A Shift in Scarcity Pricing
Until now, ERCOT has used a typical Operating Reserve Demand Curve (ORDC) for pricing, which implements price changes as energy resources on the grid are scarce. Producers of energy who were ready to go online in the case where supply dipped, like batteries, were compensated for it; energy users (demand-side) were incentivized to use less energy or risk paying higher prices. However, this didn’t take into account the difference in value for each of these back-up solutions.
Now, this ORDC for scarcity pricing is being replaced with individual Ancillary Service Demand Curves (ASDCs). These ASDCs create a demand curve for each specific type of ancillary service, showing the value of each of these solutions to grid stability. For the first time, batteries are being incorporated into the bidding process – which could change the game.
Projected Cost Savings
The shift is expected to deliver massive economic benefits. ERCOT’s Independent Market Monitor (IMM) has projected wholesale market savings of $2.5-$6.4 billion annually in reduced energy costs.

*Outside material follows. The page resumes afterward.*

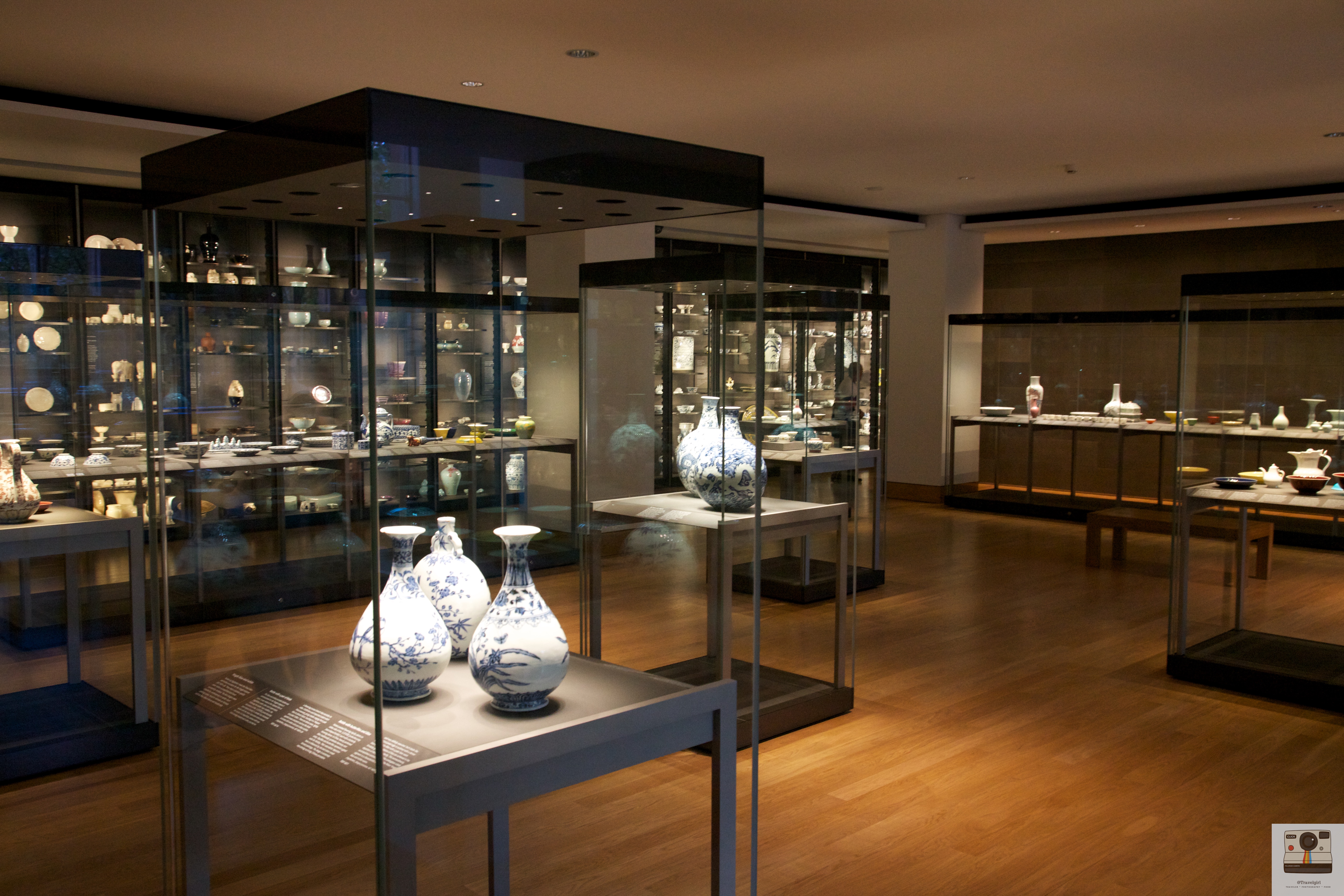 Displays At The British Museum London Iii 大英博物館一些展覽品 Iii Steemit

The Battery Revolution is Integrated for Stability
The “plus Batteries” (RTC+B) component is a major win for grid reliability and flexibility, benefiting every buyer.

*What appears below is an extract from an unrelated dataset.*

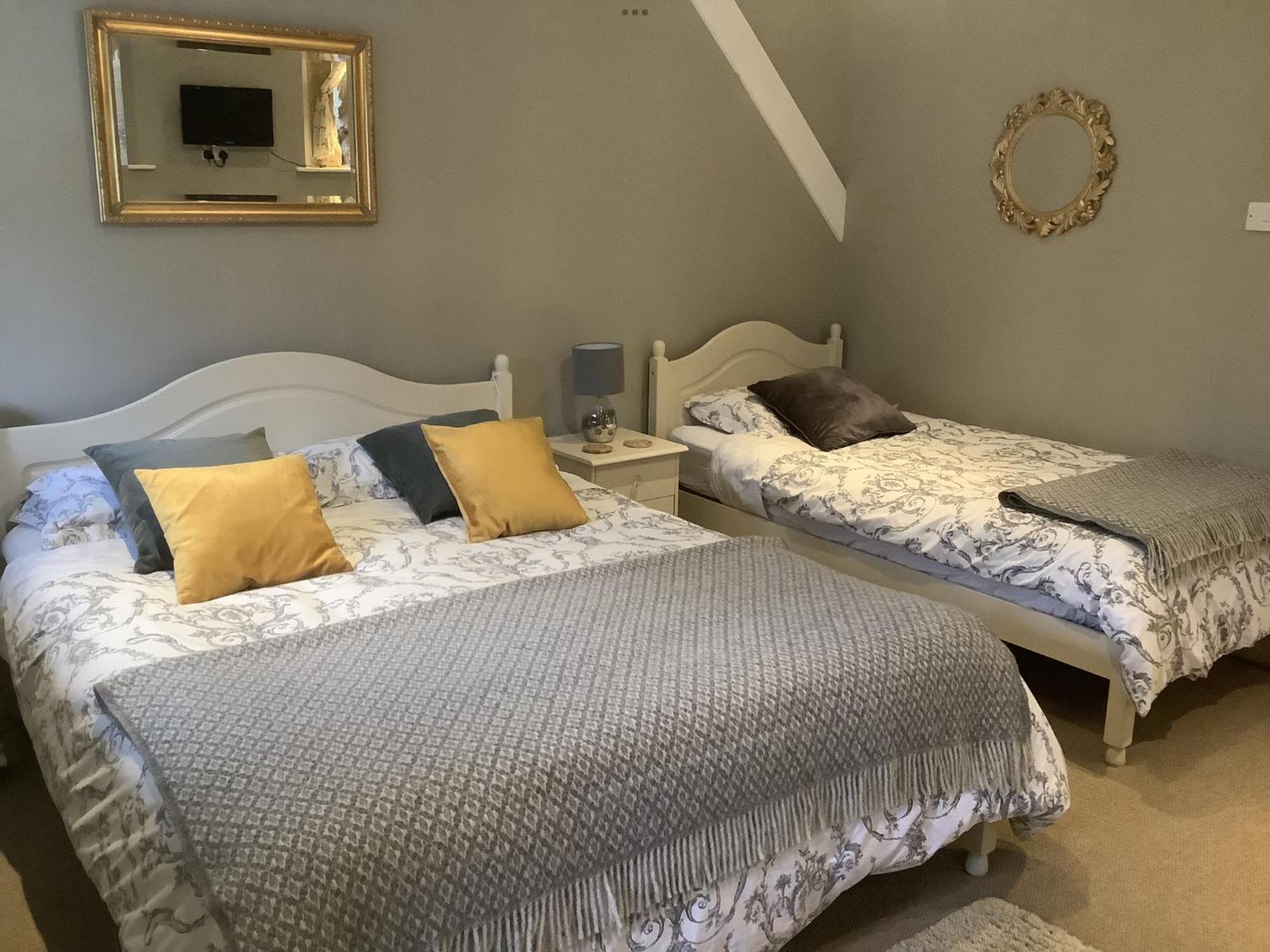 Holly House Bed & Breakfast Ebrington Bagian luar foto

For the first time, Energy Storage Resources (ESRs), like large-scale batteries, are fully integrated and modeled as a single device with a state-of-charge. This allows the real-time market to capture their full capability—both charging (consuming power when it’s cheap and plentiful) and discharging (injecting power during times of peak demand).
This will benefit renewable integration – faster, smarter responses to the uncertainty that comes along with solar and wind power are easier to manage when their generation is combined with backup power from batteries. Better asset utilization can lead to a reduction in total system costs by preventing the wasteful curtailment of clean, free solar power. This means short-term weather events, such as an early sunset or unexpected drops in wind, won’t be as much of an issue.
Natural gas is expensive during peak hours, and making it easier to shift towards cheaper renewable resources in real-time with the support of batteries will mean a more resilient grid.
What does this mean for Battery Players?
It’s unclear yet how this story will impact long-term battery revenue opportunities. On the one hand, it could be positive for the points shared above: batteries are finally getting their moment in the sun (pun intended).
But others wonder: if batteries are no longer as scarce, and there is no longer as much volatility in the market thanks to these stabilizing mechanisms, the price for storage / batteries will be impacted (i.e., they aren’t called on as the reserve as often, where they could command premium prices).
In Summary for Buyers
The RTC+B project is a generational leap for the ERCOT market – and we’ve been baking this into our forecasts for a while. REsurety forecasts model this new change under a wide range of scenarios to help you develop a comprehensive view of changing asset or contract values in this new RTC+B world.
For the energy buyer, this successful implementation should deliver key results: increased grid reliability and lower total costs to the system.
- Lower Total Costs: Driven by multi-billion-dollar projected market savings through more efficient dispatch, smarter scarcity pricing, and optimized resource utilization. Coupled with the story of rising demand and straining supply potentially pushing prices higher, prices for batteries might rise, but the system should see lower total costs.
- Increased Grid Reliability: All else equal, RTC+B stands to deliver on this goal. Skyrocketing load may impact grid reliability overall, but this will certainly cushion the blow.
With the emergence of these more evolved bidding strategies and the ability to recommit batteries in the real-time, storage investors may be able to expect the way batteries make money to change yet again. All in, from a contracting perspective – buyers exploring the market will want to take a look at hybrid vs. standalone project dynamics, and consider Day-Ahead/Real-Time Spreads when determining strategy.